▶ [Work order] Please restate each line of the material word for word and omit any pictures.

Content starts

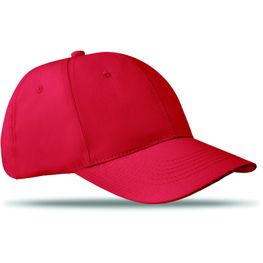 Produktabbildung Baseball Kappe 6 Panels BASIE Baseball Kappe 6 Panels BASIE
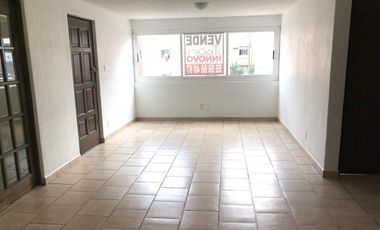COMODO DEPTO. EN VENTA EN COLINAS DEL SUR, A. OBREGÓN, CDMX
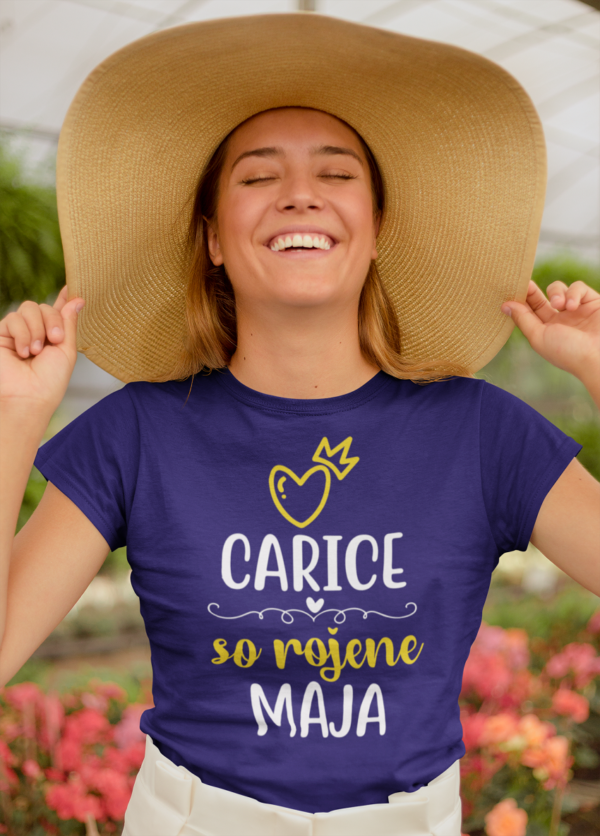 Majica Carice So Rojene Maja (NOVO)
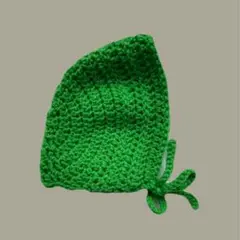 ベビーボンネット ハンドメイド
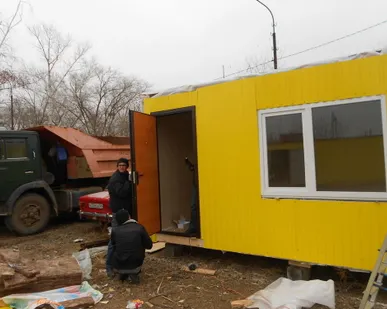 фото ВАГОНЧИКИ СТРОИТЕЛЬНЫЕ САДОВЫЕ БЫТОВКИ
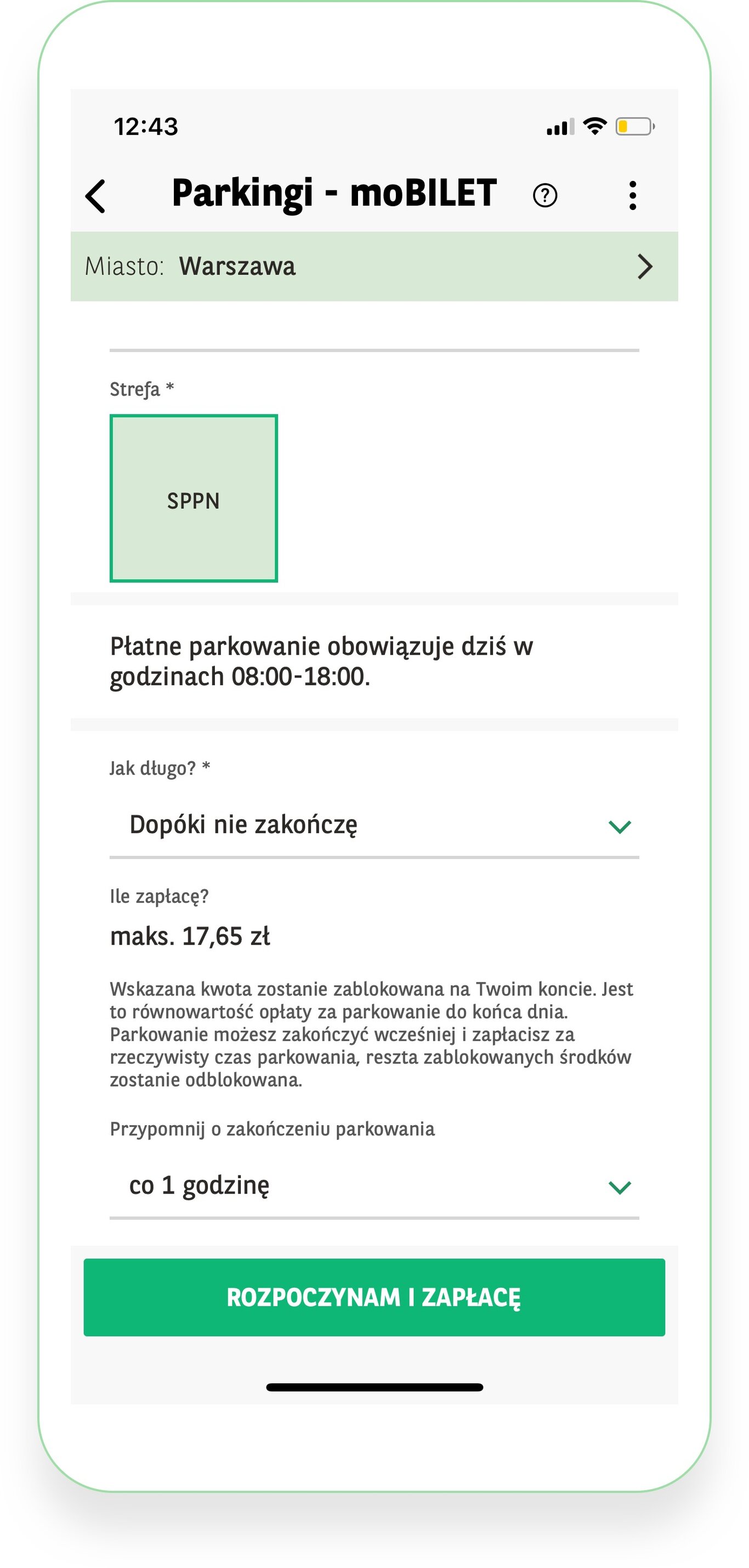 Płatności za parkowanie i bilety komunikacji miejskiej w aplikacji GOmobile. Bank BNP Paribas ułatwia bezpieczne podróżowanie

Content ends

▶ [Result]
 Produktabbildung Baseball Kappe 6 Panels BASIE Baseball Kappe 6 Panels BASIE
COMODO DEPTO. EN VENTA EN COLINAS DEL SUR, A. OBREGÓN, CDMX
 Majica Carice So Rojene Maja (NOVO)
 ベビーボンネット ハンドメイド
 фото ВАГОНЧИКИ СТРОИТЕЛЬНЫЕ САДОВЫЕ БЫТОВКИ
 Płatności za parkowanie i bilety komunikacji miejskiej w aplikacji GOmobile. Bank BNP Paribas ułatwia bezpieczne podróżowanie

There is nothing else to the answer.